Conforme a transcrição que consta na denúncia, Molição manifesta preocupação de que as notícias de que várias autoridades estavam sendo hackeadas fossem usadas para “desmoralizar” o conteúdo das reportagens. Segundo ele, embora algumas pessoas relatassem naquele momento tentativa de invasão, o grupo teria obtido as conversas em outubro de 2018, acessando o conteúdo do Telegram que fica gravado na “nuvem” do aplicativo, fora dos aparelhos celulares. Não havia nenhuma relação entre a conversa e as novas tentativas de hackeamento.
O jornalista disse que não tem nada a ver uma coisa com a outra. “E nós vamos deixar muito claro que nós recebemos tudo muito antes disso (as notícias de hackeamento), e não tem nada a ver com isso, entendeu?” Em outro trecho do diálogo exposto na denúncia, Molição pergunta se deveria baixar mais conversas do Telegram de pessoas interceptadas antes da publicação das reportagens. Segundo a transcrição, o jornalista não responde a essa consulta e recomenda que o grupo apague o conteúdo que já lhe foi passado.

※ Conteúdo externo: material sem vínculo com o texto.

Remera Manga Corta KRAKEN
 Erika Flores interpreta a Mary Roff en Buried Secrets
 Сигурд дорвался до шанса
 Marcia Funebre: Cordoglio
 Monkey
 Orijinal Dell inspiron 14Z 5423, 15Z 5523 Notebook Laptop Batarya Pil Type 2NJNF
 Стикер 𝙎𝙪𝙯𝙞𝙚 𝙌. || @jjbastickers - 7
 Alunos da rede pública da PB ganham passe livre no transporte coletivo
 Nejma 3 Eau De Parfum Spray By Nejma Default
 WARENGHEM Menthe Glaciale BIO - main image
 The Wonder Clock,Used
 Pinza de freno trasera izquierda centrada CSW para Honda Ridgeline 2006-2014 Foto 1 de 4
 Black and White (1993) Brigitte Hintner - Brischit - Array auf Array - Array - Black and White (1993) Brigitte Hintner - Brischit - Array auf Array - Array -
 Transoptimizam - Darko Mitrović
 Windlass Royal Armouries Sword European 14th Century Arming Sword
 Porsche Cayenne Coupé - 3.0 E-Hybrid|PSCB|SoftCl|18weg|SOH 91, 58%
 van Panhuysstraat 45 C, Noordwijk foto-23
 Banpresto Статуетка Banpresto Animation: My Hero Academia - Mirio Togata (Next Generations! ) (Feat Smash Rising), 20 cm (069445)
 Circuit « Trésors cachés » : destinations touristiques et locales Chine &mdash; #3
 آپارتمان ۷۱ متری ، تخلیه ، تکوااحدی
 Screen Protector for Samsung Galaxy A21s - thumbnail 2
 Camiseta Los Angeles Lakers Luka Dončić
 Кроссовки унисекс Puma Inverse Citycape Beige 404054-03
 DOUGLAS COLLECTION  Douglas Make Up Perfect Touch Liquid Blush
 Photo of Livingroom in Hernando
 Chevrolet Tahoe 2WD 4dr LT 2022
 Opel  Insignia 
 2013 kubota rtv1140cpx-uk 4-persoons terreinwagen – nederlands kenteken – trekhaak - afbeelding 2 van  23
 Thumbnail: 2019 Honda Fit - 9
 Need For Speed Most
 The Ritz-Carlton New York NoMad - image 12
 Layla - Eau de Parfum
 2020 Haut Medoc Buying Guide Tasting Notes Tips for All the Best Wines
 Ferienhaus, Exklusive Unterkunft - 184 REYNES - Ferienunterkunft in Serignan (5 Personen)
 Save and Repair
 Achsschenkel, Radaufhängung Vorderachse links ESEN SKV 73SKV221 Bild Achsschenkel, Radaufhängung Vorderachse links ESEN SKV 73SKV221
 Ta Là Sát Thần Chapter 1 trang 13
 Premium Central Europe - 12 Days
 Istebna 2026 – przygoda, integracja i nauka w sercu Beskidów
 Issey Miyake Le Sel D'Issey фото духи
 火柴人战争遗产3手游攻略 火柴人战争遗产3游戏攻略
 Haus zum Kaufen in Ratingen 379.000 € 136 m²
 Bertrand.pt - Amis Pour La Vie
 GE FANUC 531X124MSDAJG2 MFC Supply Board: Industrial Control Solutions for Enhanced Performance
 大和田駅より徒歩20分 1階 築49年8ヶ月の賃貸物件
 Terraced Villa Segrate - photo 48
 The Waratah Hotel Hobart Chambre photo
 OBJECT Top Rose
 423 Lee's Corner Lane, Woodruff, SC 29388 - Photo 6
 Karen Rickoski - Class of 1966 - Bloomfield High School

A investigação sobre a atuação do jornalista na obtenção de informações privadas de autoridades foi proibida por decisão de Gilmar Mendes após pedido do partido Rede, em uma Ação de Descumprimento de Preceito Fundamental, devido a notícias publicadas na imprensa brasileira indicando que Greenwald estava sob investigação. Para Dipp, o procurador parece ter cometido abuso de autoridade ao apresentar a denúncia e pode ter de responder a uma representação contra ele no Conselho Nacional do Ministério Público.
Além da nota divulgada por Glenn Greenwald, os advogados Rafael Borges e Rafael Fagundes, que defendem o jornalista, também divulgaram posicionamento. Eles dizem que receberam com “perplexidade” a denúncia do MPF. “Trata-se de um expediente tosco que visa desrespeitar a autoridade da medida cautelar concedida na Arguição de Descumprimento de Preceito Fundamental (ADPF) nº 601, do Supremo Tribunal Federal, para além de ferir a liberdade de imprensa e servir como instrumento de disputa política”, dizem.